La solidarité n'existe pas au quotidien car votre Europe n'a cessé de mettre en compétition les travailleurs entre eux. Quant à l'histoire commune, elle existe, inséparable des histoires nationales et de l'histoire mondiale. Encore faudrait-il ne pas la fantasmer ni la réduire à des mythes. En tout état de cause, à elle seule, elle ne peut suffire à faire un peuple.
Quand on n'a aucun projet fondé sur la souveraineté populaire à proposer, ce qui reste, en dernier ressort, est l'identité, une identité que vous pensez pouvoir faire tenir sur un seul drapeau, une identité rabougrie et évanescente, réduite à des valeurs communes mobilisées au gré des circonstances et que vous n'avez de cesse de bafouer vous-mêmes. Dans ce contexte, que peut faire un drapeau, si ce n'est masquer le désastre annoncé ?
Reste, paraît-il, l'« autonomie stratégique » chère au président Macron, autrement dit la souveraineté sans les peuples. Cependant, voilà encore un objectif inatteignable dans le cadre des traités actuels. À supposer qu'on puisse surmonter les antagonismes qui dictent les politiques extérieures des États membres, comment voulez-vous bâtir une autonomie stratégique sans politique industrielle dans les domaines de pointe ?

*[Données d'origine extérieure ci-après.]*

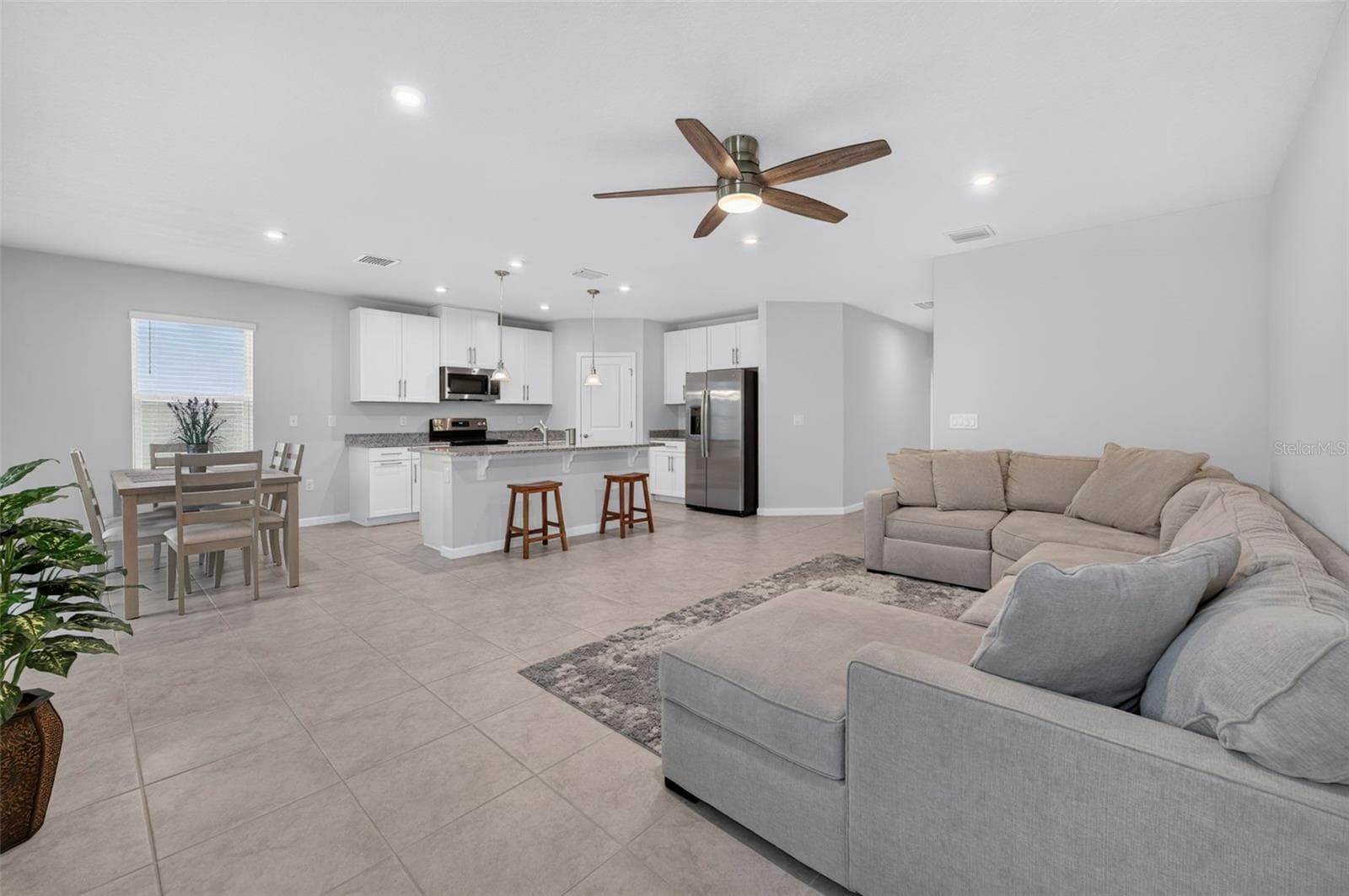 Single Family Residence at 306 EAGLE HARBOR WAY, DAYTONA BEACH, photo 4 of 48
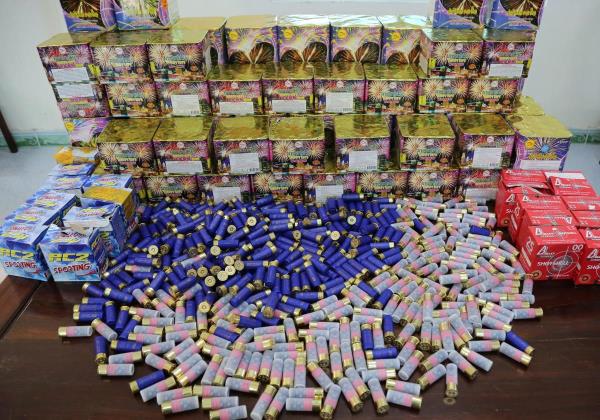 Bắt đối tượng vận chuyển đạn và pháo từ Lào về Việt Nam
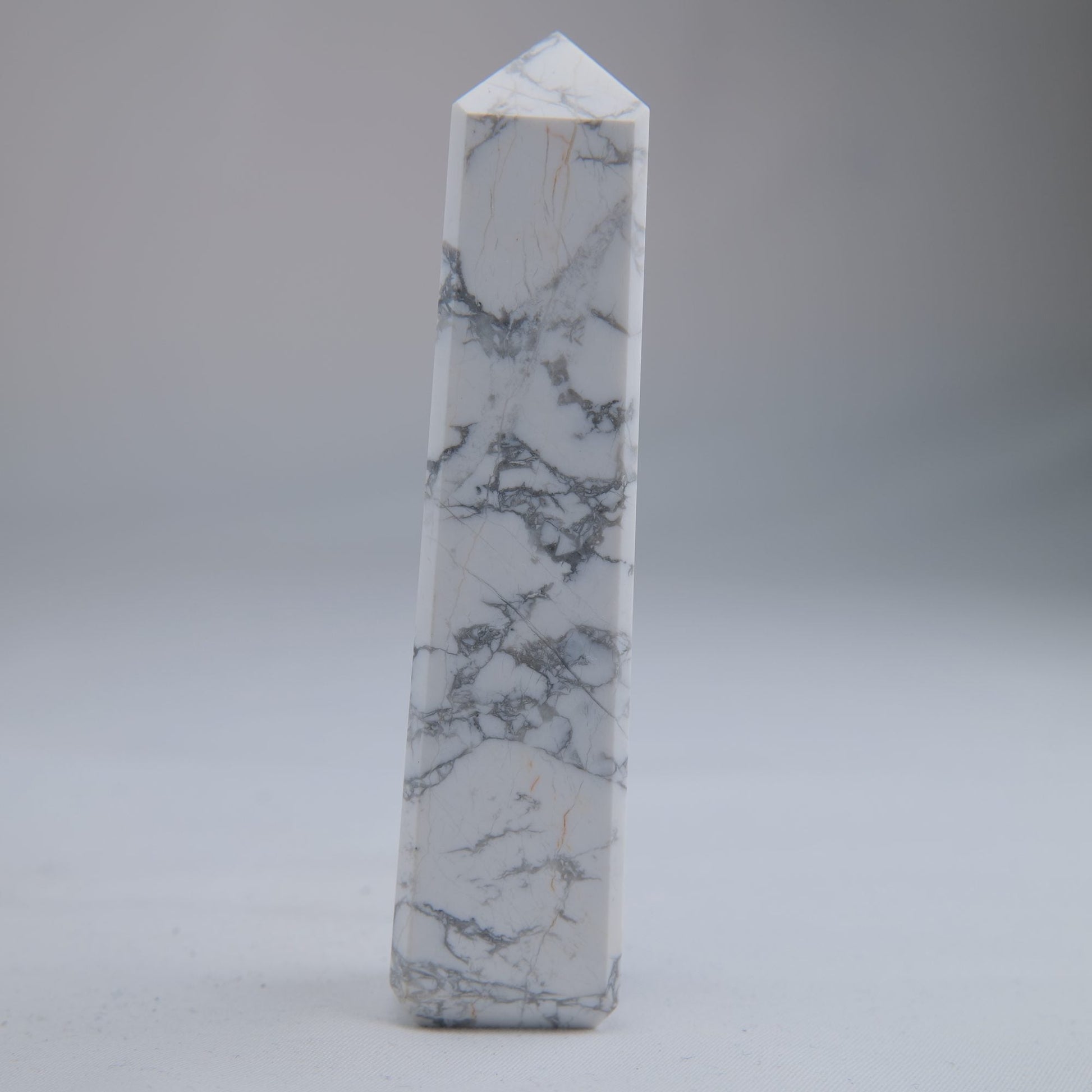 Howlite Crystal Tower 130g - Luna Panther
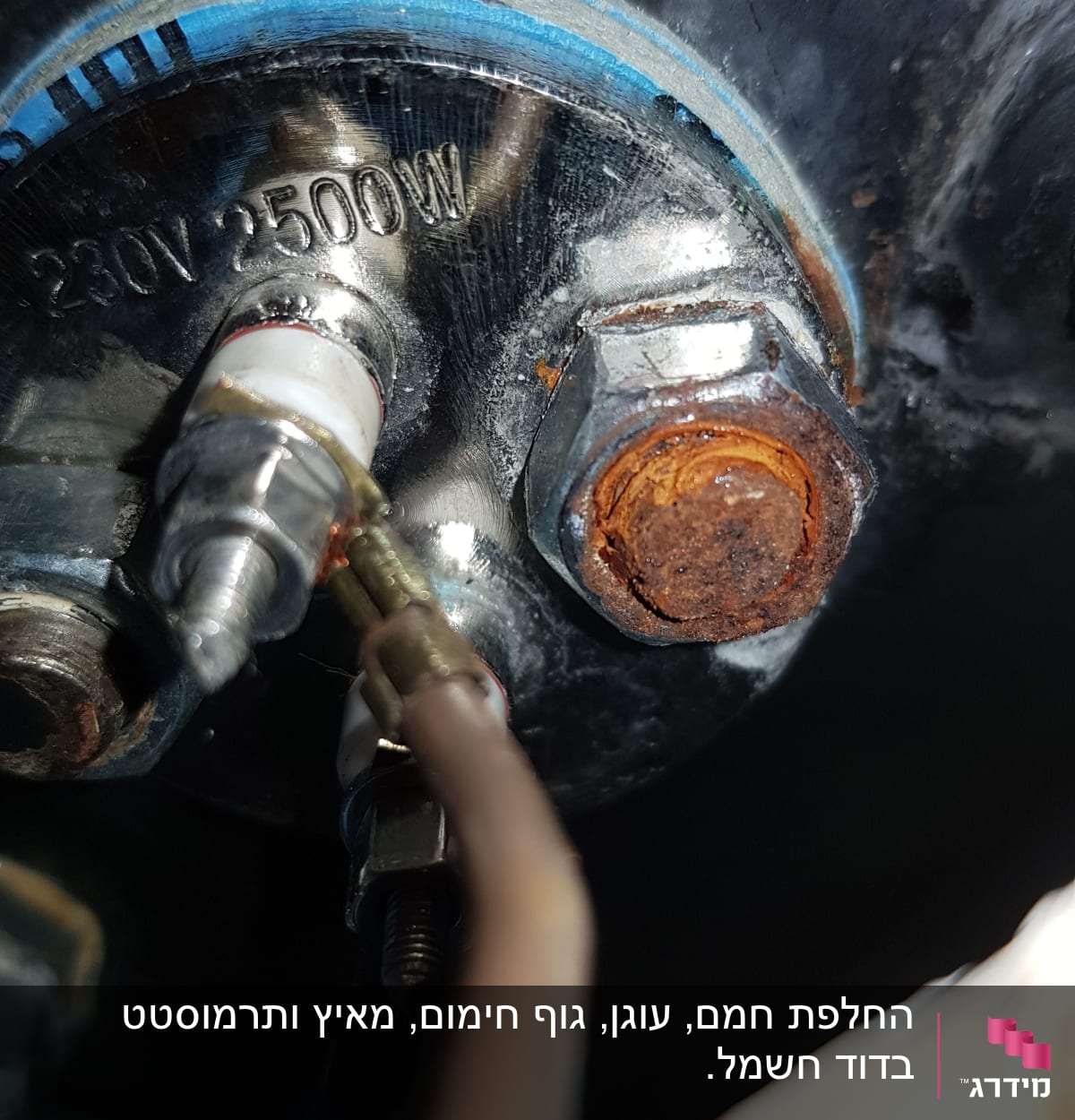 חיבורי חשמל וברגים על דוד שמש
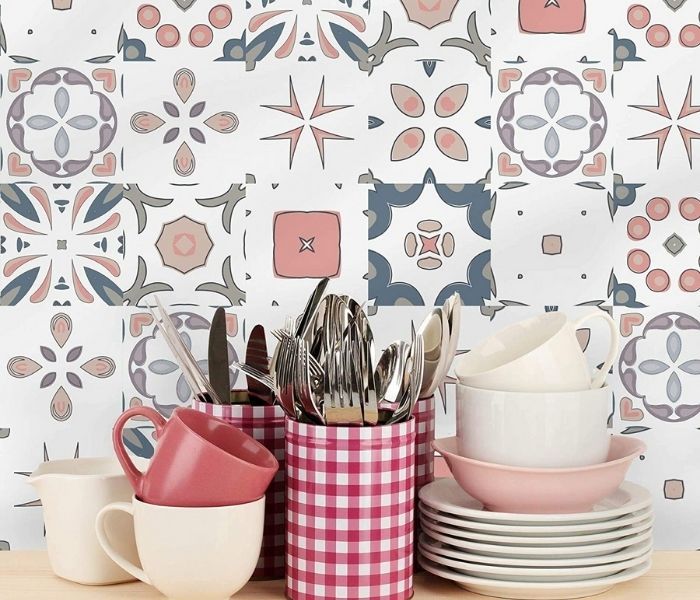 Adesivo geométrico rosa e azul moderno para transformar a cozinha em minutos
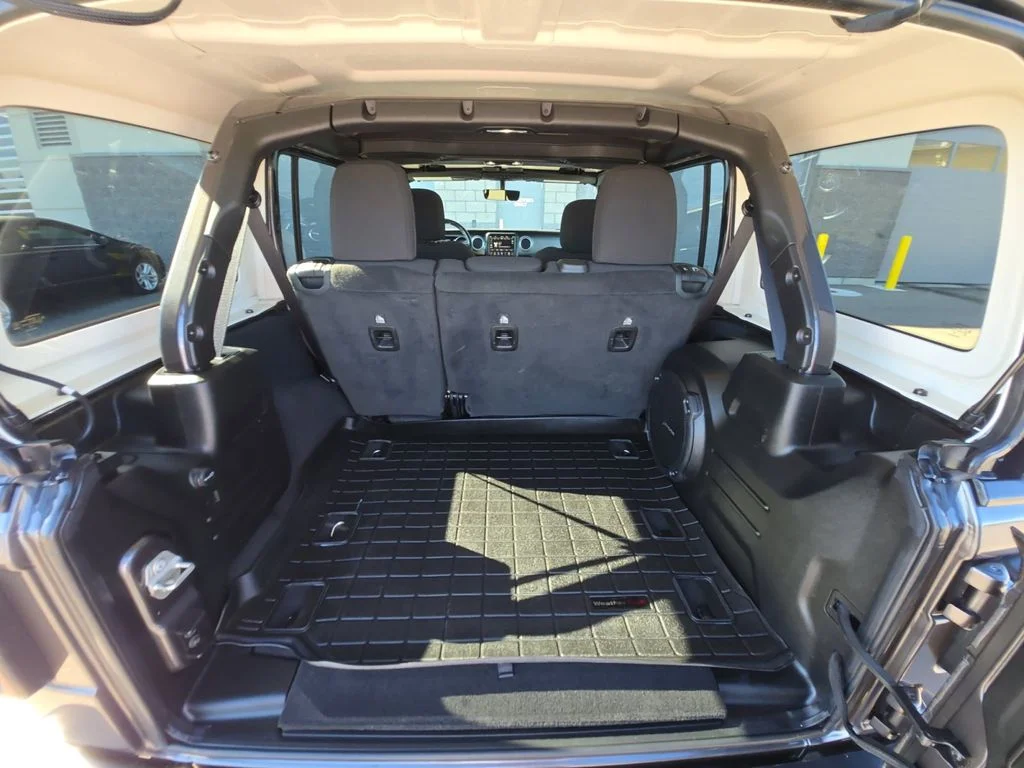 Used 2023 Gray Jeep Sahara image 12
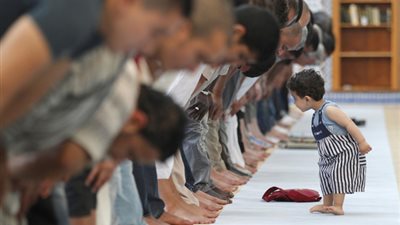 حكم اصطحاب الأطفال إلى المساجد في رمضان.. دار الإفتاء توضح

Ce manque, qui découle encore une fois des dogmes qui corsètent l'Union, aboutit à des aberrations. Comment oser parler de souveraineté européenne lorsque la Banque centrale choisit Amazon pour la phase test des moyens de paiement de l'euro numérique ? Une décision scandaleuse selon l'ancien directeur de l'Agence nationale de la sécurité des systèmes d'information (Anssi), que j'avais interrogé à ce sujet en commission.